Partijen zijn vrij de voorwaarden van de geldlening te bepalen, zoals rente en looptijd van de geldlening. Zo kunnen partijen afbetaling in termijnen overeenkomen, of volledige opeisbaarheid op een bepaald moment.
De wet eist niet dat een geldleningsovereenkomst schriftelijk wordt aangegaan.
In de praktijk gebeurt het wel eens dat te makkelijk wordt omgegaan met een geldlening. Stel dat een partij een bedrag van leent van € 5.000,–. Het geld wordt overgemaakt naar de geldlener en bij de overschrijving wordt vermeld dat het gaat om een geldlening zonder dat sprake is van een schriftelijke geldleningsovereenkomst.
Indien in een dergelijke situatie vervolgens de verhouding tussen partijen om welke reden dan ook verslechterd en/of indien de mondeling afgesproken termijnbetalingen niet plaatsvinden dan ontstaan vaak problemen om het geleende geld terstond op te eisen.

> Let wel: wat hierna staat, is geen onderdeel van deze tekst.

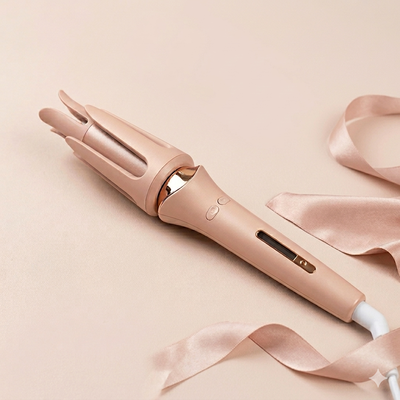 Rizador de pelo Dinax DNW4001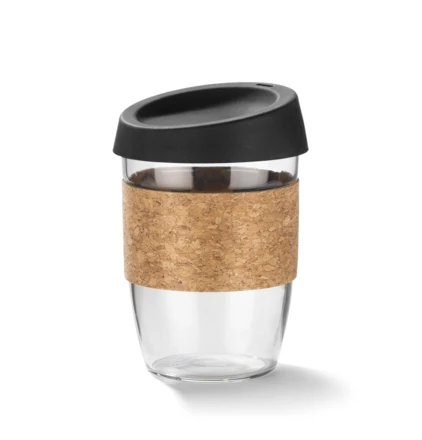 Kubek szklany SKLO 380 ml (NAS-16009-02)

Wanneer geen afspraken zijn gemaakt over de termijn van terugbetaling geldt volgens de wet dat het uitgeleende bedrag ‘terstond’ kan worden teruggevorderd.
De rechtbank Den Haag oordeelde op 1 juni 2016 (ECLI:NL:RBDHA:2016:6026) dat indien voor terugbetaling geen tijdsbepaling is overeengekomen de rechter in dat geval enig uitstel kan toestaan tot terugbetaling.
Zeker als het gaat om grote bedragen is het verstandig om de geldlening schriftelijk vast te leggen en om duidelijke afspraken te maken over de termijnen, aflossingen en rente.
Het opstellen van een goede geldleningsovereenkomst kan later bewijsproblemen voorkomen. Een geldleningsovereenkomst (schuldbekentenis) levert dwingend bewijs op. Dat houdt in dat de rechter verplicht is de inhoud van de schuldbekentenis als waar aan te nemen.
Let op:
Uit het Wetboek van Burgerlijke Rechtsvordering volgt dat een schuldbekentenis slechts dwingend bewijs oplevert, indien de akte met de hand is geschreven of als in de akte een goedkeuring staat vermeld die de geldsom voluit, handgeschreven en in letters vermeldt, een zogenaamd ‘goedschrift‘. Dat houdt in dat de geldlener onderaan de overeenkomst in eigen handschrift de woorden ‘goed voor € 5.000,– euro’ opneemt.
Als een leningsovereenkomst is voorzien van een dergelijk goedschrift, levert deze dwingend bewijs op tussen partijen.